Le démarchage téléphonique abusif et frauduleux exaspère nos concitoyens, qui ne manquent jamais de nous le dire, dans nos permanences ou ailleurs. Il constitue aussi un risque pour des publics fragiles, confrontés à des interlocuteurs parfois peu scrupuleux.
En juin 2018, j'ai défendu devant vous une proposition de loi afin de l'encadrer plus strictement. Aussi n'ai-je pu m'empêcher de sourire en entendant notre collègue Annaïg Le Meur expliquer que La République en Marche entendait « frapper fort ». Tel était pourtant bien le but de ma proposition de loi…
Vous avez rappelé la création par le gouvernement précédent du dispositif Bloctel, qui s'est avéré totalement inefficace. Depuis son entrée en vigueur, les appels intempestifs n'ont pas cessé chez les particuliers qui s'y sont inscrits, et 81 % des Français estiment qu'il ne fonctionne pas. Ouverte il y a très peu de temps, la pétition de l'UFC-Que Choisir visant à interdire le démarchage téléphonique a déjà recueilli plus de 200 000 signatures. On prend ainsi la mesure du phénomène chez nos concitoyens.
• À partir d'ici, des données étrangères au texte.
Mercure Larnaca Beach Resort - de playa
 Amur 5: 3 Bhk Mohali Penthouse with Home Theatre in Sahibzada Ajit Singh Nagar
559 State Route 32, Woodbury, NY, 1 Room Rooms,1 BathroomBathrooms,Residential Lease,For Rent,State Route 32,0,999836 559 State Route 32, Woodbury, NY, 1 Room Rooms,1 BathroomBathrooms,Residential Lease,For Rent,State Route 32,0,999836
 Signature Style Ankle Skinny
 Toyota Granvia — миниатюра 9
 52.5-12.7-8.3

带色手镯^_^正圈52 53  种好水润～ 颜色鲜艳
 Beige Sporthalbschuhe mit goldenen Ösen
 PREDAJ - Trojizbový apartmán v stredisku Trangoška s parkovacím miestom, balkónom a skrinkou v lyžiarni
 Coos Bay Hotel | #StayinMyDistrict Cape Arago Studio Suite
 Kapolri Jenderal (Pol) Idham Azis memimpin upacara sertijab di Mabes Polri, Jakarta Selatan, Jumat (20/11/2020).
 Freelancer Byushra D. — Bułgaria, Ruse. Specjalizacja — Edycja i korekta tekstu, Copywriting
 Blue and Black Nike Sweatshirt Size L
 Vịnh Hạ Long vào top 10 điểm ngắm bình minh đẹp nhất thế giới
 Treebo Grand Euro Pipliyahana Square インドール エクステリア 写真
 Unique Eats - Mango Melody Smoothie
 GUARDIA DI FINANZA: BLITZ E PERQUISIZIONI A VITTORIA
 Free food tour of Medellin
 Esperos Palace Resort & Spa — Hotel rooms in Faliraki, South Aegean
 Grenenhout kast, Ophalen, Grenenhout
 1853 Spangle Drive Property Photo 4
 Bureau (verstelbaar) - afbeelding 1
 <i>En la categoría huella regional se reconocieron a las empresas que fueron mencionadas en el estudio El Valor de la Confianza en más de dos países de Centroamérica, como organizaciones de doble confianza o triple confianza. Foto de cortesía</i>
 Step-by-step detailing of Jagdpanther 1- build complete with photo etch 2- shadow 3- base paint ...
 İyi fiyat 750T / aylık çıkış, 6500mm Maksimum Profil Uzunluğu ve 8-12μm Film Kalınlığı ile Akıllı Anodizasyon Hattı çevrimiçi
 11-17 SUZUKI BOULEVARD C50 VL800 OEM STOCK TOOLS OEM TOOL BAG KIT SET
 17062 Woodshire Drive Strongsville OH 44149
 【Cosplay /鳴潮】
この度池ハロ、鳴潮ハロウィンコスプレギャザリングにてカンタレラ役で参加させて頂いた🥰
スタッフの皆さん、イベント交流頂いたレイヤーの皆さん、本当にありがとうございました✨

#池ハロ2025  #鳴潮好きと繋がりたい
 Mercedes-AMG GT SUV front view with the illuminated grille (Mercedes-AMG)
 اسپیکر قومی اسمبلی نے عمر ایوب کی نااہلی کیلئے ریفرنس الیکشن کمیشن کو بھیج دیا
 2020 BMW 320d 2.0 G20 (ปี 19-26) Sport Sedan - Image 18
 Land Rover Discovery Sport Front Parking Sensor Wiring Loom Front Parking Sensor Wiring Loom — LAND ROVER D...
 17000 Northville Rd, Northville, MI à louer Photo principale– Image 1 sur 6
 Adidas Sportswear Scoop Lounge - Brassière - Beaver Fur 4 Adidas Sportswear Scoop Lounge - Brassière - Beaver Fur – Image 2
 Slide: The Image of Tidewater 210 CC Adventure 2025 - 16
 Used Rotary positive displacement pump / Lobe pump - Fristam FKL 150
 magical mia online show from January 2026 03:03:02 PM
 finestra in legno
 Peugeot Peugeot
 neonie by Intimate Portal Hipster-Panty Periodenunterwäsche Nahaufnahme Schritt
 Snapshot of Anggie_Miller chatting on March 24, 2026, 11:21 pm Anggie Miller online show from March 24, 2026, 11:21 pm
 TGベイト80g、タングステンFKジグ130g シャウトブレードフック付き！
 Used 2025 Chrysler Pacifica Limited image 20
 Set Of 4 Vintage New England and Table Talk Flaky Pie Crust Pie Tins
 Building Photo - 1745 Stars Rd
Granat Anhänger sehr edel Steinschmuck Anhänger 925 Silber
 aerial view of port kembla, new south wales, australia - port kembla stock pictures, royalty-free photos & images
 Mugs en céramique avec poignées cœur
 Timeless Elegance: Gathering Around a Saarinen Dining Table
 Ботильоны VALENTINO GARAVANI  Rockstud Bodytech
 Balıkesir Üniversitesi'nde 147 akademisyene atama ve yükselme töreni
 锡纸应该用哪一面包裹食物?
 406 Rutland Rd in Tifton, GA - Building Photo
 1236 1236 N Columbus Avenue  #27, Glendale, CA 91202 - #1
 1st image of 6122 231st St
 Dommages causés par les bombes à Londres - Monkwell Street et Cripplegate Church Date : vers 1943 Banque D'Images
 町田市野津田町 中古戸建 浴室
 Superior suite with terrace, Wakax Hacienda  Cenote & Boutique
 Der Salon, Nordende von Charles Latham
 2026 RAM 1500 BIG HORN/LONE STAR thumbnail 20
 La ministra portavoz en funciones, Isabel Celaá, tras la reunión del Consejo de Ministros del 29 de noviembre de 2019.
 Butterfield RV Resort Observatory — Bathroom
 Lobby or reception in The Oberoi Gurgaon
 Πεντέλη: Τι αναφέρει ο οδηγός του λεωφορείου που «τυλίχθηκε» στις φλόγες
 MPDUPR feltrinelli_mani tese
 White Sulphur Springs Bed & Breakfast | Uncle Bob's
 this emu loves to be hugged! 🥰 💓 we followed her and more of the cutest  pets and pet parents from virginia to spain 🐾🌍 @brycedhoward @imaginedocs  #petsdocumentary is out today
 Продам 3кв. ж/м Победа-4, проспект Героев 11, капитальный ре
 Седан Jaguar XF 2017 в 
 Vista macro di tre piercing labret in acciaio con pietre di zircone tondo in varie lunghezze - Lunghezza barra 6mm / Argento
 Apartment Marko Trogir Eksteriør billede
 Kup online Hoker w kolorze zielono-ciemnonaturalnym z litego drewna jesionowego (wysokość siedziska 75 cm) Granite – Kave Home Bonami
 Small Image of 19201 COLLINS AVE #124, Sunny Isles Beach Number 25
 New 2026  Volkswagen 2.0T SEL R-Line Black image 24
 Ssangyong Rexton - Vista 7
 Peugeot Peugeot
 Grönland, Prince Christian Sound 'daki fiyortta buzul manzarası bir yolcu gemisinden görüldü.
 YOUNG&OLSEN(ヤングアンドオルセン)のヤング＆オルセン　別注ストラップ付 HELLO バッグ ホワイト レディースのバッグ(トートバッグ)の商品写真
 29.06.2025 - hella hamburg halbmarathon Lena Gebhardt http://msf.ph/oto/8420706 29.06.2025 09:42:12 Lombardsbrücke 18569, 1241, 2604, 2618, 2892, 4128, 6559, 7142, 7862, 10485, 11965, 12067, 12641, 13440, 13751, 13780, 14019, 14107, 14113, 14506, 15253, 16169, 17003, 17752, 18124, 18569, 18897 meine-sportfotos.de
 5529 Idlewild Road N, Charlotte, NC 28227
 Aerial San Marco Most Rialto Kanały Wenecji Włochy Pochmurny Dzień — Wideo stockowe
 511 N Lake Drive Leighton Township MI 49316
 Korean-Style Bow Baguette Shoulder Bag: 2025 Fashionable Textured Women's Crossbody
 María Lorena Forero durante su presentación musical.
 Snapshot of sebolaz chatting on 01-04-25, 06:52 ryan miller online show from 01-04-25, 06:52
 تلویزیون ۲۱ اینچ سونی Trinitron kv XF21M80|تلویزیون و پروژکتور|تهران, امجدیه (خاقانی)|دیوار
Nous estimons que le texte issu du Sénat ne va pas assez loin et qu'il ne répond pas aux attentes de nos concitoyens, légitimement excédés. Nous ne demandons pas non plus l'interdiction totale du démarchage téléphonique – ne caricaturons pas la position du groupe Les Républicains. J'avais proposé la possibilité, pour de petites entreprises, artisans et commerçants, de continuer un démarchage téléphonique qui n'est, la plupart du temps, ni un acte agressif, ni une pression insupportable.
Le rapporteur Christophe Naegelen a évoqué 50 000 emplois à protéger. Or tous les employés de ces plateformes ne se trouvent pas sur le territoire national, beaucoup de plateformes sont installées à l'étranger. Il faut donc relativiser ce nombre d'emplois. De surcroît, lorsque, il y a quelques mois, nous avions abordé la question de l'interdiction des plastiques en soulignant qu'elle entraînerait la fermeture d'entreprises, vous n'aviez pas eu le même réflexe. Je ne voudrais donc pas qu'on utilise l'argument de l'emploi sur certains thèmes et pas sur d'autres.
Si vous voulez vraiment régler le problème, nous devons accepter de passer au système du consentement préalable, comme je l'avais envisagé dans ma proposition de loi. D'autres pays, en Europe mais aussi au-dehors, utilisent ce système de l'opt-in, qui prévaut déjà pour les messageries électroniques et les SMS. Je ne vois pas pourquoi l'opt-in ne pourrait pas bien se passer avec le démarchage téléphonique. Même s'il n'est pas la panacée, il permettrait de limiter fortement le démarchage intempestif.
Je souhaite que nous ayons un esprit constructif. Je note simplement que la majorité qui rassemble La République en Marche et le Mouvement Démocrate et apparentés (MODEM) avait rejeté en bloc, ou quasiment, mon texte, en juin 2018. Aujourd'hui, vous sentez bien la pression de la part de nos concitoyens : il est urgent d'agir.